* **STUDY MATERIAL**
BEGIN

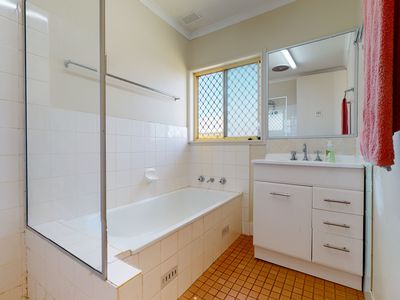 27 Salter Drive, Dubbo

END
BEGIN

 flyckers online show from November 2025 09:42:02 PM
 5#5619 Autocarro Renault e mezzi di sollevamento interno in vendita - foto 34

END

Copy out the lines above exactly, beginning at the one that contains "flyckers online show" and ending at the one that contains "5#5619 Autocarro Renault".

 flyckers online show from November 2025 09:42:02 PM
 5#5619 Autocarro Renault e mezzi di sollevamento interno in vendita - foto 34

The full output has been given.